Peki alınan yol yeterli midir? Bence yeterli değil. Bizler bu aldığımız yolu bu endüstriden ancak bir marka olduğumuzda başarı olarak adlandırabiliriz. Bu hedefe ulaşmak bizim elimizde hepimizin bireysel çabasının sektörel faydada birleştiği yerde duruyor. Bahsettiğimiz ana sektör kollarının hepsi birbirine bağlı ve zorunlu, bunlar birbirinden bağımsız gibi görünse de aslında birinin yokluğu, eksikliği, diğerinin de aynı oranda eksilmesine sebep oluyor. Burada eksikliği oluşturacak olan temel kavram o kolun içinde görevli olan çalışanlardır.
Kurumları işlevsel yapan içinde onu yaşatan çalışanlardır. Görev tanımları ne olursa olsun hepsi aynı bir zincir gibi birbirine bağlıdır. Hangi ana başlığın altında çalışıyor olursa olsun bu sektörün her çalışanı tek bir hedef için çalışır. Peki hedef bu kadar ortakken çıkarlar nasıl farklı olur.
Kolektif bakış
İşte bizlerin bu başarısını taçlandıracak bizi hedefe götürecek olan ana başlık budur, ‘kolektif bakış açısı’.
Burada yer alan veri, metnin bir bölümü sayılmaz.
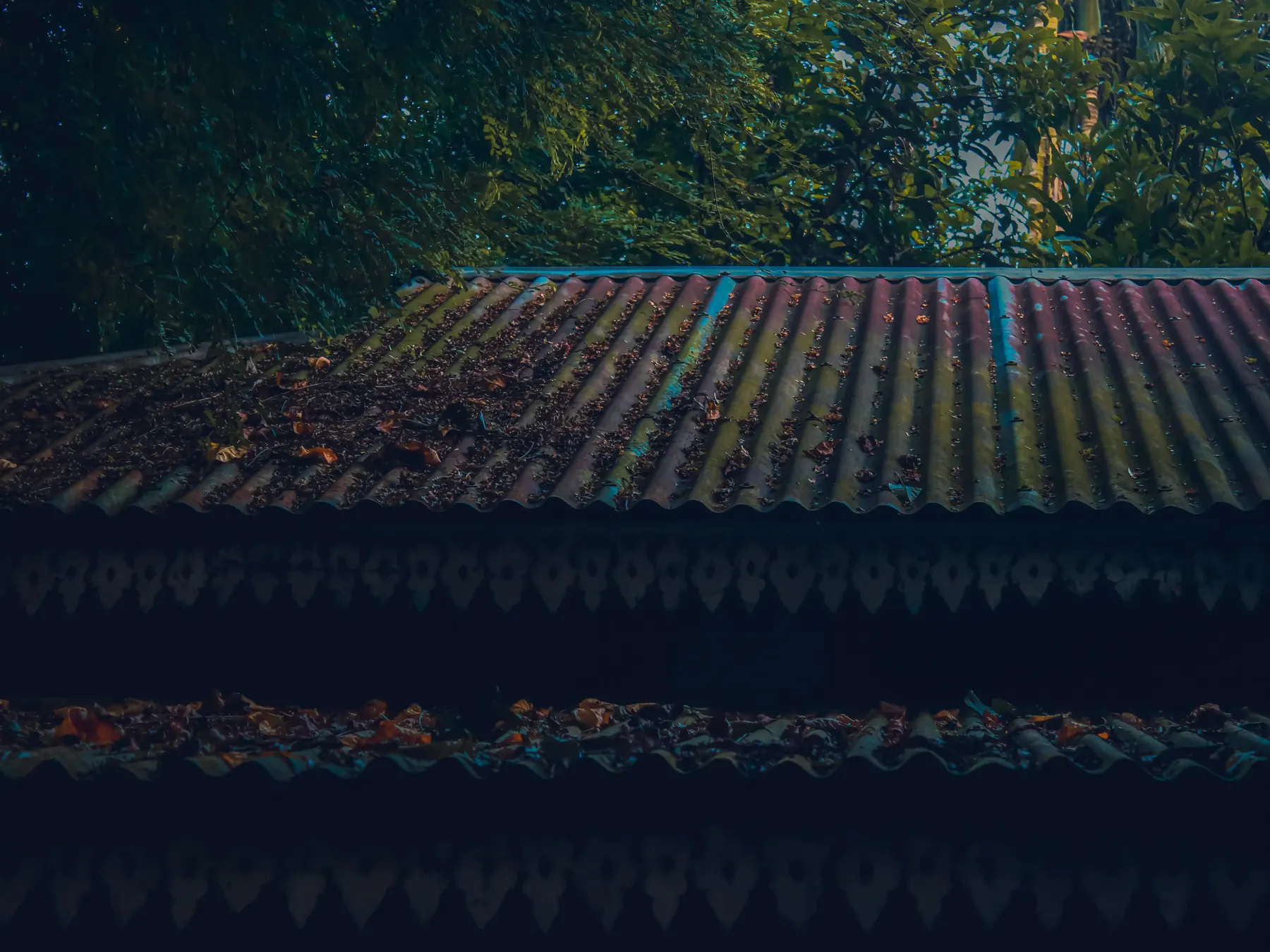 Textured clay roof tiles among green foliage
Çalıştığımız, görev aldığımız hiçbir kurum, kuruluş sektörün gelişim hedefinde bir diğerinin rakibi değildir. Gelişim hedef ise burada ‘rekabet’ değil ancak ‘iş birliği’ olabilir. Rekabet kavramı ile iş birliği kavramlarını doğru yerlere koymadan yol almamız mümkün değildir. Her iki kavramın işlevselliğinin olduğu yerler vardır ama temelde gelişim olmaz ise rekabet zaten hükmünü yitirir.
Hepimiz görev alanımız içinde olan aksaklıklara hâkim olmalı ve bu aksaklıkları bütünün faydasına ortak çabayla düzeltmeliyiz. Kimse aksaklıklara göz yummamalı. “Aman n’apayım? Benim derdim mi?” dememeli veya “Vay arkadaş! Bu, buradan güzel nemalanır. Ben niye destek olayım?” gibi düşünce kalıplarına kapılmamalıdır.
Ortada bir aksaklık, bir sıkışıklık var ise o mutlaka bütüne sirayet ediyordur. Sorunu çözmek herkesin hayrına olacaktır.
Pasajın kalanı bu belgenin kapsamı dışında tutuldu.